We’ve been home for two and a half weeks, and we’re still settling back in.

A few days after we got back to Girdwood, Liesl came down with the flu, which changed the math around here. Instead of two adults taking care of a baby and a dog, it was one adult taking care of a sick person, a baby and a dog. Now that she’s mostly on the mend, we’re making progress on the daunting, never-ending task of bringing order to our 1100-square-foot condo.

So, how was the road trip?

It’s a hard question to answer, because we didn’t have a clear goal when we set out.

At some point on the trip I posted on Facebook that “there, and back again,” might be the measure of this trip’s success. And we’ve done that.

It was quite an accomplishment to take the ferry from Whittier to Bellingham, and then put more than 5000 miles on the truck getting back to Alaska via the AlCan. Particularly with a baby (and a dog, for part of the trip).

But what was it for? Why did we go?

As I wrote before we went, we were stuck, and we needed to yank ourselves away from here so that we could imagine a new future for ourselves.

We did that, too.

Liesl began to see the giant boulder of grief she’s been carrying around about leaving her job, and possibly leaving Alaska.
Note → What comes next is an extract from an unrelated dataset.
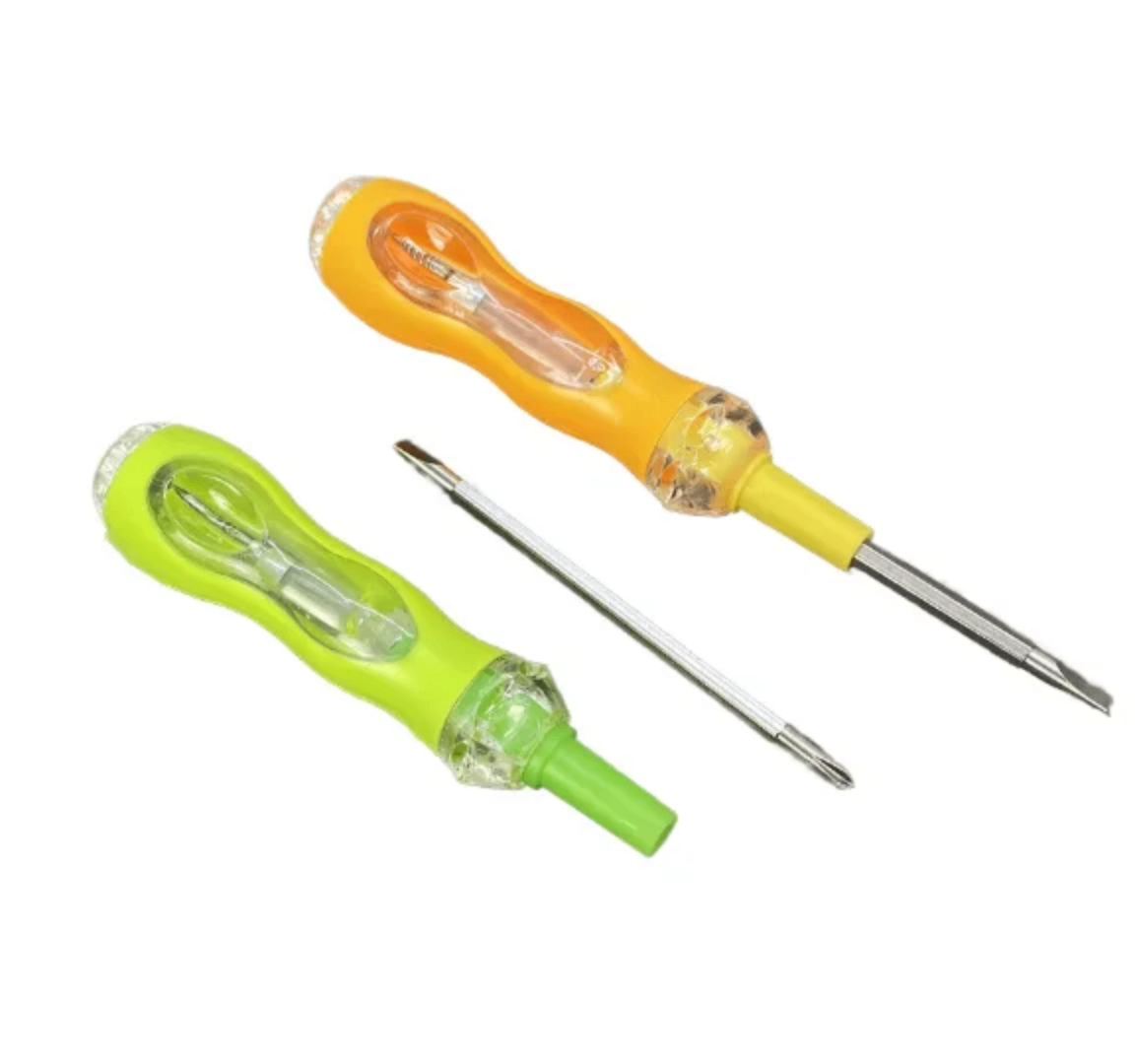 Tournevis électrique lumineux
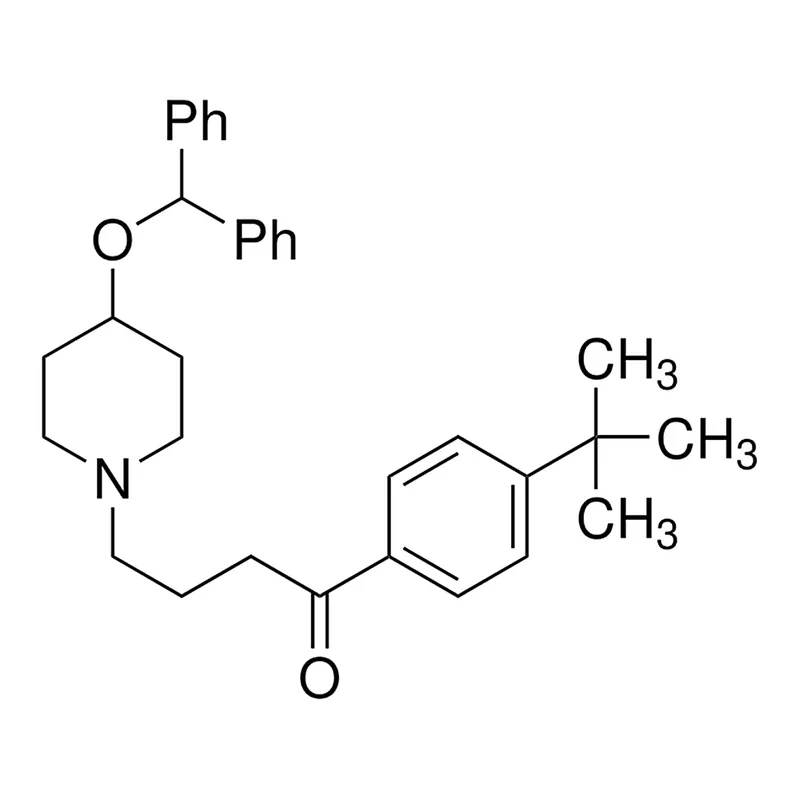 Merck EBASTINE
Now that she knows the boulder’s there, she can set it down once in a while.

I found space to take a chance on a new life, daydream about entrepreneurial ministry, and expand the work I’m already doing.

The trip propelled us into a liminal place. Not into a new, rooted place. A liminal place.

And we’re still there.

It’s uncomfortable.

We’d like a new house, and new careers, without all the constant questioning and considering and good god all the waiting.

We’d like a home with more room for Willa to play, with plenty of space for Brady to run around outside, with a place for Liesl and I to shut the door and remember who we are, apart from our parental roles.

We’d like for both of us to have daily work that feels meaningful, purposeful, satisfying.

We’d like to expend our energy in the present, not in planning for, imagining, and trying to get to the future.

It’s uncomfortable.

We’re restless.

We get cranky with each other. And with the dog.

But then we watch an episode of HBO’s Vice, about Sudan.

And we remember how privileged—and small—our struggle is.

We remember to be grateful for our happy baby, who has enough to eat, and a place to sleep.

It puts our search for meaning and purpose in a larger perspective.

We’re looking, not just for work that makes us feel valued, but work that actually is valuable, work that helps to make a dent, however tiny, in the terrible, terrible things that happen every day around the world, and right here in Girdwood, and wherever you are.

So that’s how our trip was.

We may be sleeping in the same place every night now, but we’re still on the road. We’ll let you know when we arrive.

If we ever do.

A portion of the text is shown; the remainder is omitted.